If one PC was slowing the rest down, that would show in the log (have had this issue on mixed speed rooms). But it seems like they’re all hiccuping from the log
As for the switch things… its tricky because we have no way to access the switches. I work in the academic computing department at a University - normally, all departments are managed via a central ICT department but we have moved away from their systems and recently decided to use FOG. They keep all their switches under lock and key pretty much, so even physical access is limited. However, it seems that the particular switch (note, there are many switches in a stack) has no other hosts on it as far as I can tell. There might be a phone or a printer somewhere but I have no way of knowing. I’ll make a note to ask - communication face-to-face is difficult as they have to manage the infrastructure for the entire University - which involves multiple campuses. So there is a growing list of things to ask!
-
Multicast speed issues
Problem: for a 100mbps roon, Unicast speeds show as about 780Mib/min, yet on multicast they drop to under 100Mib/min
A little snippet of the log, for imaging 30 machines
[QUOTE]
Timeout notAnswered=[0,1,2,3,4,5,6,7,8,9,10,11,12,13,14,15,16,17,18,19,20,21,22,23,24,25,26,27,28,29] notReady=[0,1,2,3,4,5,6,7,8,9,10,11,12,13,14,15,16,17,18,19,20,21,22,23,24,25,26,27,28,29] nrAns=0 nrRead=0 nrPart=30 avg=99
bytes= 8 164 796 640 re-xmits=0000133 ( 0.0%) slice=0058 73 709 551 615 [/QUOTE]
Seems to be a common issue, some people live with it or switch to unicast only but for the computers here, we would really like the use multicast, so I want to get to the heart of the issue.
Things to note:- The FOG server is on a 1gbps link. The current switch that many of the machines here are connected to are 100mbps links.
- Physical - and remote - access to the switches is somewhat limited, because of the way the organisation works here. Yet we have ~300 - 400 PCs to manage.
My thinking is, is that because the switches are only 100mpbs out, the buffer for the 100mbps could be overflowing with the 1gbps packets coming in. UDP just gets thrown out there and the poor 100mbps clients drop most of the stuff being thrown at them. As a result, FOG has to retransmit loads of data and thus takes more time with more clients, I would imagine (whereas, I guess, with more unicast clients it would take proportionally less time because of the additional load from multiple machines slowing down the rate to each client, meaning less dropped packets).

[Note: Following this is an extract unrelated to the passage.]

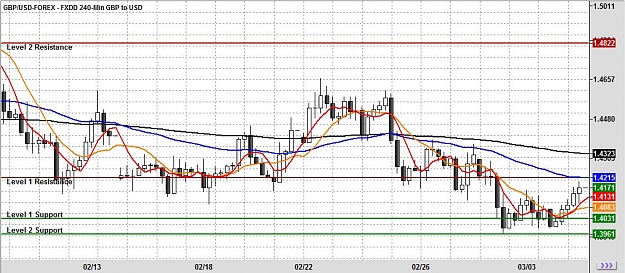 Click to Enlarge

Name: chart.jpg
Size: 134 KB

I could be wrong there, but why im posting under FOG issues is that I was wondering if there was a way to lets say “cap” how many packets are sent out at a time, or adjust the rate in fog (IE slow the speed down by adjusting the transmission rate of UDP packets from within FOG). Another solution would be to adjust the NIC rate I guess, but anything that would need to be done to the switches could be problematic, as it means talking to the people who manage our network equipment.
Any thoughts or comments about the above are most appreciated. And any help, of course!